INSERT INTO stories (id, title, url, fetched_at, sentiment)
VALUES (:id, :title, :url, :fetched_at, :sentiment)
ON CONFLICT(id) DO UPDATE SET
sentiment = excluded.sentiment,
fetched_at = excluded.fetched_at
""")
rows = df.to_dict(orient="records")
with engine.begin() as conn:
conn.execute(sql, rows)
return len(rows)
async def main():
init_db()
df = await fetch_stories()
df = await enrich(df)
n = upsert(df)
print(f"Inserted/updated {n} rows.")
# Read back top negatives
with engine.connect() as conn:
neg = pd.read_sql("SELECT title FROM stories WHERE sentiment = 'negative' LIMIT 5", conn)
print("\nRecent negative headlines:")
print(neg.to_string(index=False))
asyncio.run(main())Upsert with ON CONFLICT — the idempotency trick.
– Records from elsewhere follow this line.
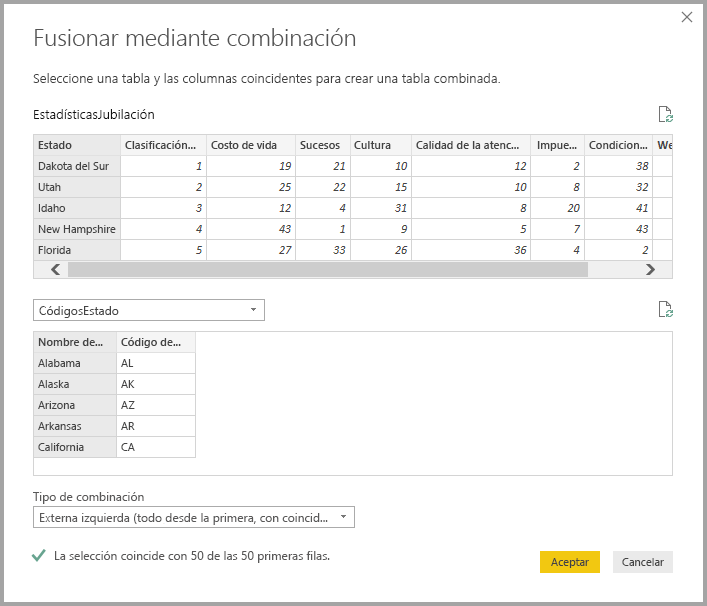 Cuadro de diálogo Combinar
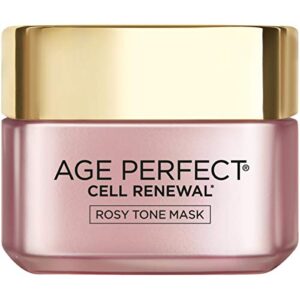 L'Oreal Paris Skincare Age Perfect Rosy Tone Face Mask With Aha and imperial peony for Rosy, Radiant Skin, 1.7 Oz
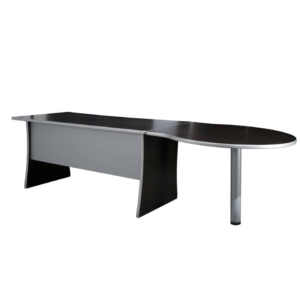 Penisola con gamba metallica Unisit Spirit 100x100x72 cm Wengé per scrivanie componibili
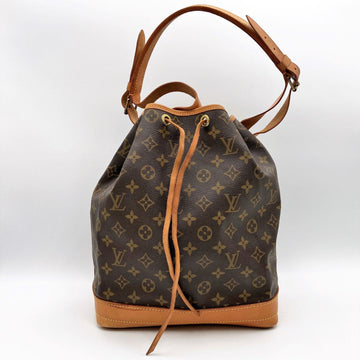 LOUIS VUITTON Noe Monogram Shoulder Bag Drawstring Brown PVC Women's Men's Fashion M42224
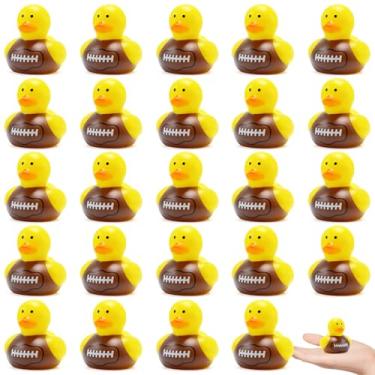 Imagem de BOZILY 24 peças de patos de borracha de futebol em massa lembrancinhas de festa esportivas, pato de borracha pequeno para decorações de aniversário, presentes temáticos de futebol, decorações de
You can rerun all day without creating duplicates.| Sync pandas loop | Async concurrent LLM calls |
|---|---|
| 20 stories × 1s = 20s | ~2s with concurrency 5 |
| Simple code | Needs asyncio.gather |
| Good for: prototyping | Good for: anything bigger than 10 rows |
Big idea: a data pipeline is fetch → transform → load. LLM enrichment slots in as another transform. Make each step idempotent and you can cron it forever.
15 questions · take it digitally for instant feedback at tendril.neural-forge.io/learn/quiz/end-prog-python-data-pipeline-creators
What is the core idea behind "Build It: A Daily Data Pipeline With LLM Enrichment"?
Which term best describes a foundational idea in "Build It: A Daily Data Pipeline With LLM Enrichment"?
A learner studying Build It: A Daily Data Pipeline With LLM Enrichment would need to understand which concept?
Which of these is directly relevant to Build It: A Daily Data Pipeline With LLM Enrichment?
Which of the following is a key point about Build It: A Daily Data Pipeline With LLM Enrichment?
Which of these does NOT belong in a discussion of Build It: A Daily Data Pipeline With LLM Enrichment?
Which statement is accurate regarding Build It: A Daily Data Pipeline With LLM Enrichment?
Which of these does NOT belong in a discussion of Build It: A Daily Data Pipeline With LLM Enrichment?
What is the key insight about "Idempotency is the hallmark of good pipelines" in the context of Build It: A Daily Data Pipeline With LLM Enrichment?
What is the recommended tip about "Always review AI output" in the context of Build It: A Daily Data Pipeline With LLM Enrichment?
Which statement accurately describes an aspect of Build It: A Daily Data Pipeline With LLM Enrichment?
What does working with Build It: A Daily Data Pipeline With LLM Enrichment typically involve?
Which best describes the scope of "Build It: A Daily Data Pipeline With LLM Enrichment"?
Which section heading best belongs in a lesson about Build It: A Daily Data Pipeline With LLM Enrichment?
Which section heading best belongs in a lesson about Build It: A Daily Data Pipeline With LLM Enrichment?